At first I thought, that's it, I'm all about accepting my baby's behaviour and personality, but was I truly accepting myself?
But then, I thought, no, that isn't it. It didn't feel right. So I stopped thinking and while she played quietly nestled in my legs, I let my mind and heart drift and reach out to the Knowledge that is Out There.
And then it came to me. My focus had been accepting her, accepting the situation, and even accepting myself. All good and necessary. But I had never considered another thing to accept.
The relationship between us.
The relationship is a dynamic on its own.
Yes, a relationship between you and me is the product of what you and I put into it. However, it has its own reality that is apart from us. It is influenced by time, culture, circumstance, chance, fate, environment, pasts, timing, other people, as well as the you and me that is subconscious.

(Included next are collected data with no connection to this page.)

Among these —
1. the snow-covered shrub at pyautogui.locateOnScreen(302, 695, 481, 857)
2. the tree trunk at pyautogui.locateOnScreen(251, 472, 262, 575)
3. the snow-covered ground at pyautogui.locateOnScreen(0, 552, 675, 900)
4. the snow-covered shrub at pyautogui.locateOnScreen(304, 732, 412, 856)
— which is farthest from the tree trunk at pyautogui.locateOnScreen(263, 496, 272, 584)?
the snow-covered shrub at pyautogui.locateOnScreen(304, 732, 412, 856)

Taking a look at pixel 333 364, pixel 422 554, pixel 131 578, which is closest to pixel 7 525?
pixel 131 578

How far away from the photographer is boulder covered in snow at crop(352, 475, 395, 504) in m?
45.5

I can want my daughter and me to be close, to have a loving relationship, and I can want my parenting to have an expected result (contented baby), but how can this be possible? It isn't. Not really.

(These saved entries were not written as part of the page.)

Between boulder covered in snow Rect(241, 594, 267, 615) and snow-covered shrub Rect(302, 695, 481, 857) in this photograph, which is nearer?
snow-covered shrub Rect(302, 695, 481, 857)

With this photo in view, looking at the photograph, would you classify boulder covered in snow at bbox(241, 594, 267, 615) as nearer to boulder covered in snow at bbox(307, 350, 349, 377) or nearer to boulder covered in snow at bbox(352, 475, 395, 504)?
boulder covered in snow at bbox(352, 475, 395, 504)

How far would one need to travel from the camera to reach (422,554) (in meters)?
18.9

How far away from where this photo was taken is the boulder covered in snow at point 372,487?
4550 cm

I only have the power and responsibility for who I am as a person, which affects who I am as a parent. This affects who my daughter is and it affects our relationship, and it may do so with great impact, but it does not determine it.
It. Does. Not. Determine. It.
Do you have any idea for how many relationships I have held myself accountable?!

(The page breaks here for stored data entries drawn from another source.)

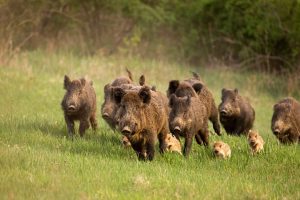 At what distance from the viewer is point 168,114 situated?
12.3 meters

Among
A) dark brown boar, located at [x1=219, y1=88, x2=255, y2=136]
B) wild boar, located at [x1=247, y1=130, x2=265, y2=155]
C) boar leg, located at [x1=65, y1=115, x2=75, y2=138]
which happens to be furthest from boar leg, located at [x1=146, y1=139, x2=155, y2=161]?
dark brown boar, located at [x1=219, y1=88, x2=255, y2=136]

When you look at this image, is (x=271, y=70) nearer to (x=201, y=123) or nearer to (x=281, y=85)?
(x=281, y=85)

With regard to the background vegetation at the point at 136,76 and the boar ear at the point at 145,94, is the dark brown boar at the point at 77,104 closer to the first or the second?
the background vegetation at the point at 136,76

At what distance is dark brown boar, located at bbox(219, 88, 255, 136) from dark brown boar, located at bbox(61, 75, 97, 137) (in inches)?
133

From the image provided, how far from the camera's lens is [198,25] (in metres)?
33.9

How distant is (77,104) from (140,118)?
9.58 feet

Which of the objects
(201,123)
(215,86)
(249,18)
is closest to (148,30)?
(249,18)

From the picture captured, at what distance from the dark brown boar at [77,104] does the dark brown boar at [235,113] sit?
3384 millimetres

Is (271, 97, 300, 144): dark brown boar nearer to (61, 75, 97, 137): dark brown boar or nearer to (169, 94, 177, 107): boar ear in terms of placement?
(169, 94, 177, 107): boar ear

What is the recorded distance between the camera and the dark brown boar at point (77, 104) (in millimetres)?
13555

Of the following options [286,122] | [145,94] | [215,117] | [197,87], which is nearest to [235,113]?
[215,117]

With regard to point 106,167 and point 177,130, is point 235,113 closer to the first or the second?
point 177,130

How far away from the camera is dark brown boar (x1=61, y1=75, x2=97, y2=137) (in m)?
13.6

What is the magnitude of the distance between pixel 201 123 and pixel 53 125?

How many times I questioned how good I was as a daughter, a girlfriend, a wife. Was I pretty or slim enough, loving enough, giving enough, perfect enough, good enough? Was I saying something wrong, doing something wrong, being something wrong? Or simply, what more can I do to fix this?
Despite feeling angry or even furious at others for not holding up to their end of the relationship bargain, ultimately, I allowed the burden of the relationship's success or failure to rest on my shoulders. As well as the inevitable sadness and longing that followed.
Although I healed the wounds from my broken relationship with my parents several years ago, I can see now how feeling responsible for making it right between us led me to accept the wrong men (and women friends) into my life. Broken men. Broken men that I thought I could 'fix' by being a wonderful partner. Of course everything would be alright, I was such a thoughtful and loving woman, how could it not be?
Incidentally, there was a time when I couldn't cope with someone not liking me. I just couldn't understand it. If I was a good, loyal, fun, kind person, how could someone dislike me? I got over that many years ago, but I can see the connection.
For a long time now I have understood other people's responsibility in my relationships with them. But I had never thought of the relationship as a separate force that is subject to its own influences and behaviours. Which is funny considering I live by the belief that somes things just aren't meant to be. The spaces between the spiral are just as real.
Whether my daughter is a contented baby, secure toddler, happy child, peaceful teenager, or whether we have a wonderful mother-daughter relationship throughout, is something I want. But now, I accept, that the relationship has the right to be what it will be. For all I know, a challenging relationship is what I and my daughter need to grow in mind and spirit.